A friend sent me a flyer recently on improving health and well-being for the new year. I expected it to be news on exercising and eating right. But instead it was all about practicing generosity. According to a 2014 Gallup Poll, generous people tended to be happier and healthier than less generous peers.
Small acts of generosity toward a friend or stranger will improve a person’s mood and even prompt them to pay it forward.
Donations in any form contributes to the greater good of your community. You will feel more connected to other people around you when you serve.
You will feel more grateful. Your kind gesture of help or good will make you thankful that you’re able to help. You will be more satisfied with your life.
Believe it or not, it will lower your level of stress to do a good deed. Being generous releases feel-good chemicals in your brain.

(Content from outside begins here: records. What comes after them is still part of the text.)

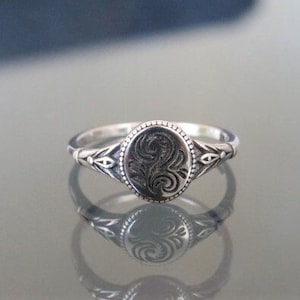 Sterling Silver Carved Oval Ring.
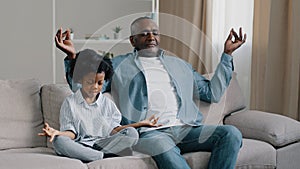 African american father and child sitting on sofa with closed eyes mature dad teaches little daughter to meditate manage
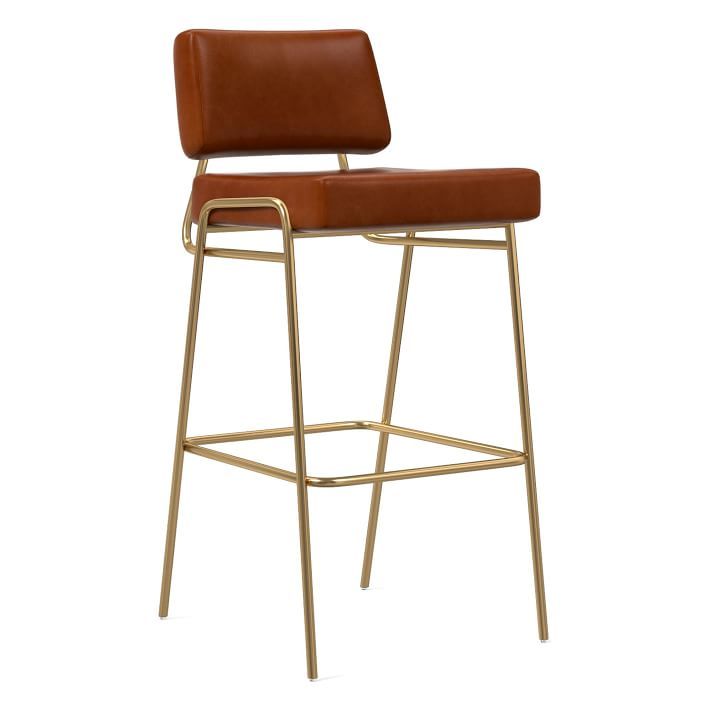 a brown leather bar stool with metal frame and footrests on an isolated white background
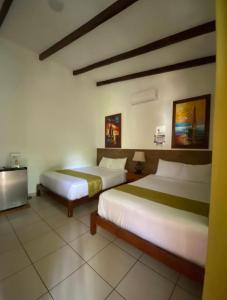 Habitación de hotel con 2 camas y TV en Konchamar en La Libertad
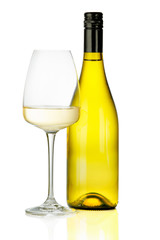 A glass of white wine and a bottle.
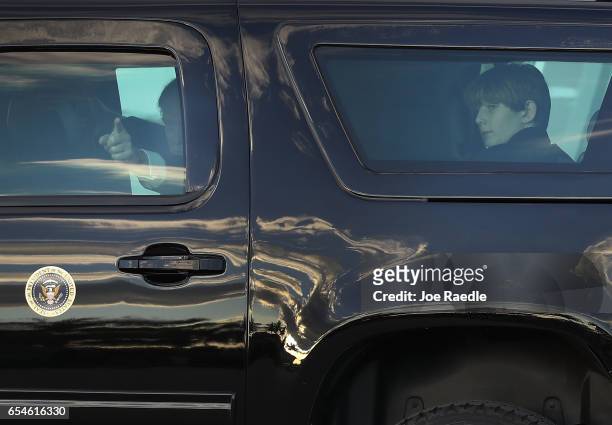 President Donald Trump and his son, Barron Trump sit in a vehicle together after arriving on Air Force One at the Palm Beach International Airport to...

When you feel more relaxed it improves your work performance. Altruism on the job improves your relationships with coworkers, boosts your satisfaction with your work, and makes you more committed to your job.
The flyer listed 5 ways to pay generosity forward. Something that struck me when I read the list was by how many of the ways are practiced by the writers I’m fortunate to know.
Mentor Someone—Mentors help guide people along their career paths. You don’t need a fancy title, just be comfortable enough to share your experiences, give advice, or offer an ear to listen.
Share a Skill—You may be a whiz at creating spread sheets, at using social media, or using a new software. You’ll reap rewards in teaching others.
Use Your Skills to Help Others—If you knit well, knit lap robes for the elderly. Make dinner for a sick neighbor. Simply smile at someone who looks stressed in a grocery store, or in line at the post office.
Write a Kind Note to Someone—It doesn’t matter who you write a nice, short note too, but make it genuine. Tell a former teacher how much they impacted your life. Tell an author how much you like their book. Drop off a note for the barista who always has a smile when you get your morning coffee.
Volunteer—Busy people seem to find time to help with local charities. It only takes a few hours a month to show you care.
I like to give books away to people I think may not be able to afford to buy them because they can’t get out to stores and live on fixed incomes. It’s not a big thing, but at area Assisted Living facilities, some residents still love to read a good romance.
Your small acts of generosity will boost the spirits of persons on the receiving end. It will also encourage them to pay it forward. Kindness begets kindness, and won’t that make for a better world?